By Pam Cunningham, Reporter
Published On: Jan 23 2013 06:00:00 PM CST
Updated On: Jan 24 2013 05:30:22 AM CST

Wednesday night it was too cold to be outside for too long, that's why Opportunity House has an open door policy for anyone who is homeless.

READING, Pa. -

Wednesday night it was too cold to be outside for too long, that's why Opportunity House has an open door policy for anyone who is homeless. Temperatures were so frigid the shelter took extra steps to prevent people from freezing to death.

At Opportunity House, located at 430 N 2nd St. in Reading, when it's really cold they extend their hours and let people stay all day long inside. And that's for anyone who needs a place to lay their head at night.

On a cold day, you want a hot meal. Wednesday night at Opportunity House, meatball subs were on the menu.

"Some kind of civic group will come and serve dinner," explained Orlando Long, a case worker.

Dinner was for everyone. There were some people who are going through the program who will sleep in a bunk and others who just needed a place to stay will sleep on the floor.

"All these tables actually get stacked up," said Long pointing to where people would sleep later on.

Long said when the temperature drops those days are called code blue.

"I would expect more tonight because it being so cold," said Long.

One person who chose to sleep here sat down to explain why.

"Freezing cold..freezing," she said.

She didn't share her name because she didn't want people to know she's homeless and before this week she was sleeping in her car.

"It's not home. It's not heaven but it beats being out in the cold," she said, "Being grateful, being grateful that there is a place to come."

Some call it the place of last resort.
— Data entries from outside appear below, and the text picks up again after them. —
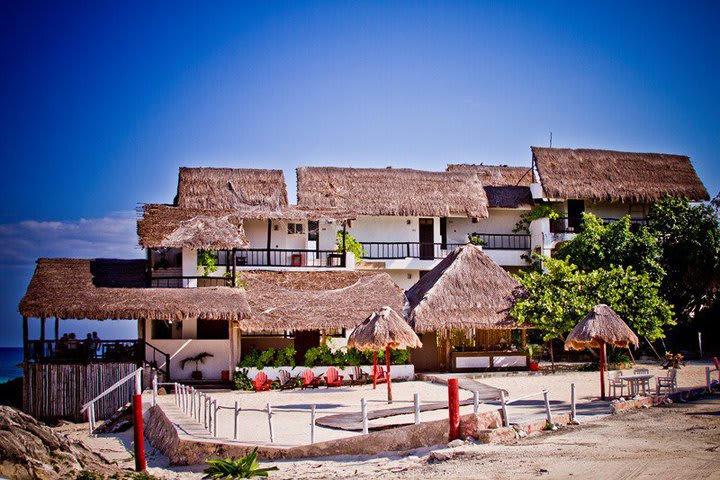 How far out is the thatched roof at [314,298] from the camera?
85.8 feet

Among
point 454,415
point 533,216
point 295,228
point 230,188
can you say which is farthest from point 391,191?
point 454,415

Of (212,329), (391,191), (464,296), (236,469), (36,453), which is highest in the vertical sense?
(391,191)

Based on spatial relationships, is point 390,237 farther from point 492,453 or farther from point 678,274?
point 492,453

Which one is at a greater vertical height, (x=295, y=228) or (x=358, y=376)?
(x=295, y=228)

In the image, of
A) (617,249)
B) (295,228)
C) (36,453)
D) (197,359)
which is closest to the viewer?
(36,453)

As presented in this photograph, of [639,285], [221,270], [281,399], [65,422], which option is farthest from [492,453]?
[221,270]

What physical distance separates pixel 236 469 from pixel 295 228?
19816mm

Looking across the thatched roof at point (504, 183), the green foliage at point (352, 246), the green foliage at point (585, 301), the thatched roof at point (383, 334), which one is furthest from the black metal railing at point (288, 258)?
the thatched roof at point (383, 334)

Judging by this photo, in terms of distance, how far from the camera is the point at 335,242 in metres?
34.1

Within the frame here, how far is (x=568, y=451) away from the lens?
13.6 m

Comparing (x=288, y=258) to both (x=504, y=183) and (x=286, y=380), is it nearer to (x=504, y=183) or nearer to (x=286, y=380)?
(x=286, y=380)

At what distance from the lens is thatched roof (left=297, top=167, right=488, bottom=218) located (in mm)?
34094

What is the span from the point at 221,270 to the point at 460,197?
11.1 m

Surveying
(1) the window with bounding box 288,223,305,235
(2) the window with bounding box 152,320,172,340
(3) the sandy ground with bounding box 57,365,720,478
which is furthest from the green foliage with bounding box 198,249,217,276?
(3) the sandy ground with bounding box 57,365,720,478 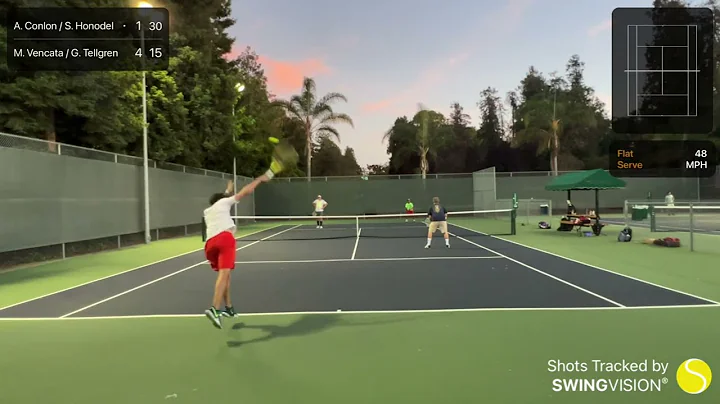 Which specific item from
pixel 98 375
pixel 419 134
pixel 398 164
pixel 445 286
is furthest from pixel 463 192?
pixel 98 375

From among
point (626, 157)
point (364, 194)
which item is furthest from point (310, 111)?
point (626, 157)

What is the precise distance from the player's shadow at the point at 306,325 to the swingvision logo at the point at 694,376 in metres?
2.91

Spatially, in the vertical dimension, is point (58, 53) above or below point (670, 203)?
above

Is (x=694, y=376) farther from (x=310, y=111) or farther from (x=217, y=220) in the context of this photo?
(x=310, y=111)

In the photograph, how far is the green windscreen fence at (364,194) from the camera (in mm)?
37344

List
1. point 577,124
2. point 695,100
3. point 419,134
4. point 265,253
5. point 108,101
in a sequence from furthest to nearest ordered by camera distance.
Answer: point 577,124
point 419,134
point 108,101
point 265,253
point 695,100

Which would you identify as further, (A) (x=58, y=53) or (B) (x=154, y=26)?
(B) (x=154, y=26)

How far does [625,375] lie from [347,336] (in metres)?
2.70

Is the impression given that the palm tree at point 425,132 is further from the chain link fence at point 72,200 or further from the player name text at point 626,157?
the player name text at point 626,157

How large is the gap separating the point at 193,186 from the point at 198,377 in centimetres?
2047

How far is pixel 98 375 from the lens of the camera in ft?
14.7

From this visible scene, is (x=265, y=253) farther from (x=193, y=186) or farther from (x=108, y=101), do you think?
(x=193, y=186) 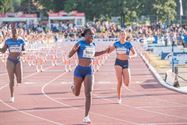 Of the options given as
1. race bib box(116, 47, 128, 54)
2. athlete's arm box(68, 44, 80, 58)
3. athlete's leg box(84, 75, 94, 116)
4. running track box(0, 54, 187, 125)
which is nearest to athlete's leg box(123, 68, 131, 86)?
race bib box(116, 47, 128, 54)

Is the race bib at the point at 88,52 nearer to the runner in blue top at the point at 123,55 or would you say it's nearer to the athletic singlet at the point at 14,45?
the runner in blue top at the point at 123,55

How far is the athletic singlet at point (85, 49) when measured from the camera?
14.0 m

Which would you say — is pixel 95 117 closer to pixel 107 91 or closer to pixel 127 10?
pixel 107 91

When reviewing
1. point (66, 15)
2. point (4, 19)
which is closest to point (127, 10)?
point (66, 15)

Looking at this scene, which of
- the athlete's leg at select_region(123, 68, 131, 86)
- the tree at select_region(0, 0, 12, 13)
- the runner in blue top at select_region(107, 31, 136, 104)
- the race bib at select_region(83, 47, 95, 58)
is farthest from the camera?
the tree at select_region(0, 0, 12, 13)

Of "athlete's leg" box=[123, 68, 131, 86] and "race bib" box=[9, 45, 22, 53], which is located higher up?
"race bib" box=[9, 45, 22, 53]

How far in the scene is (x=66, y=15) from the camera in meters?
88.7

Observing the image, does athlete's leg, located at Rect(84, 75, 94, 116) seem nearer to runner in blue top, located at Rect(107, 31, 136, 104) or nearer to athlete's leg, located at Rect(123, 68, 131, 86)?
runner in blue top, located at Rect(107, 31, 136, 104)

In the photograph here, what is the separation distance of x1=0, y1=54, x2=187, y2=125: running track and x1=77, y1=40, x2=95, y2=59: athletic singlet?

This woman called it a beginning.

Long said there have been nine to 10 women looking for a safe, warm place.

"So, we actually made arrangements with the Hope Rescue Mission, which is right down the block here, where they're housing all the single men and we house all the single women," said Long.

He said combined there were about 30 people Tuesday night.

"If we didn't, you would see a lot of homeless people on the street, which you really don't see now," said Long, "And you would probably get reports of people dying."